====== EXTRACTED RECORDS ======
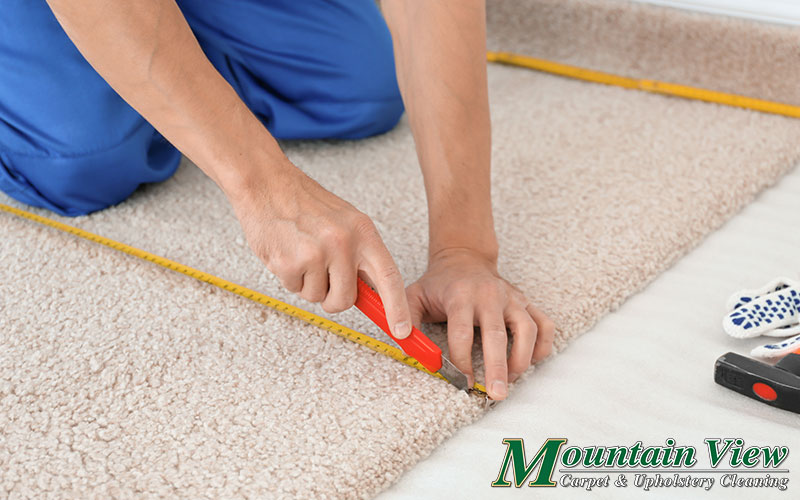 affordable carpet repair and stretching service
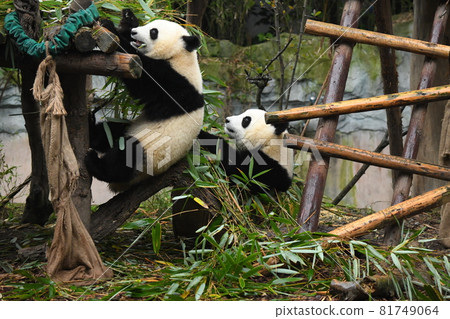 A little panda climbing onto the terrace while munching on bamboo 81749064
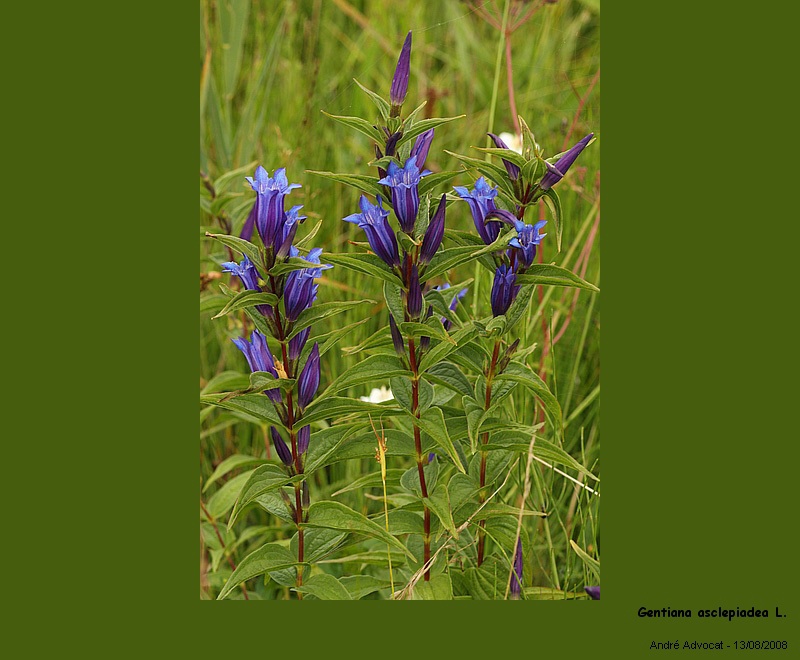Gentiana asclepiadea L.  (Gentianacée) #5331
======
====== EXTRACTED RECORDS ======
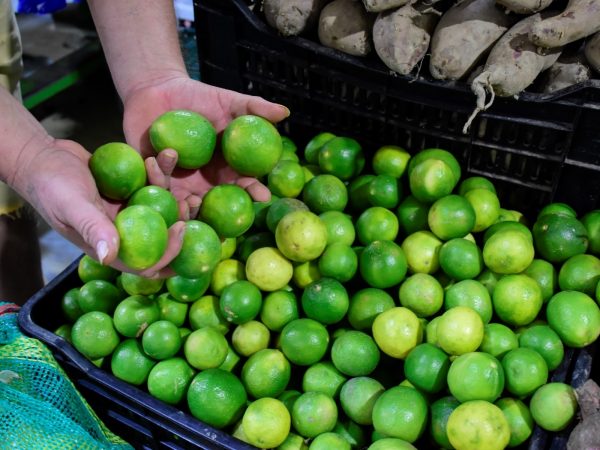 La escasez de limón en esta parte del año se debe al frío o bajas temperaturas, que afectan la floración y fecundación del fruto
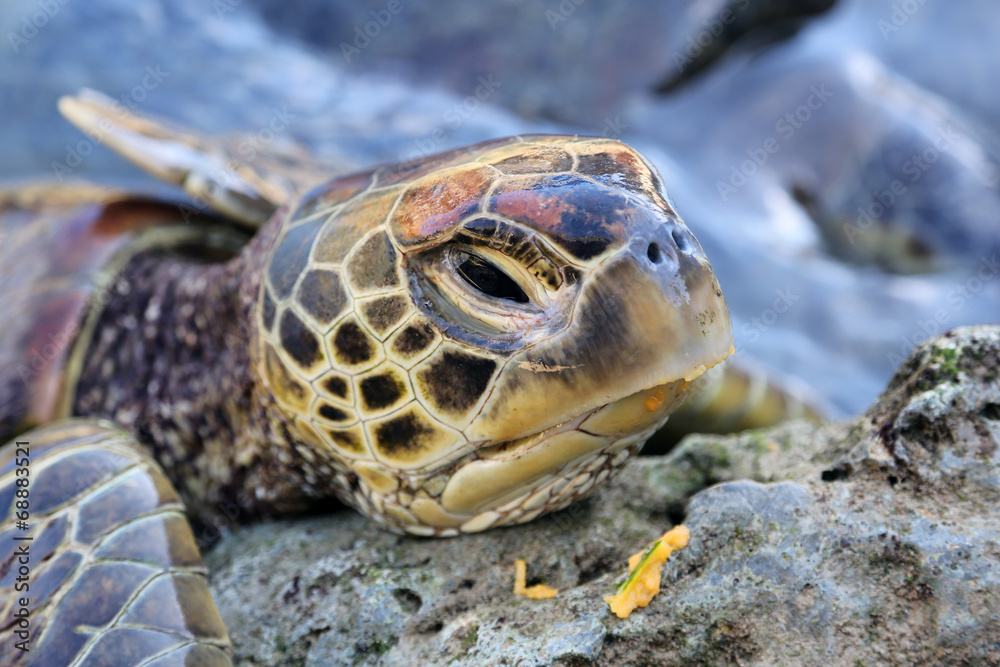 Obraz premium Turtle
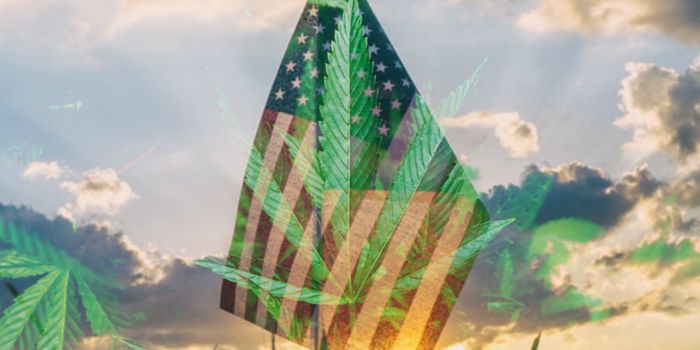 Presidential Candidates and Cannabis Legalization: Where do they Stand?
======
WORK TO COMPLETE — Both the line above containing "Obraz premium Turtle" and the line containing "Presidential Candidates and" belong in the copy, along with every line between them; print these exactly and omit the pictures.

RESPONSE —
 Obraz premium Turtle
 Presidential Candidates and Cannabis Legalization: Where do they Stand?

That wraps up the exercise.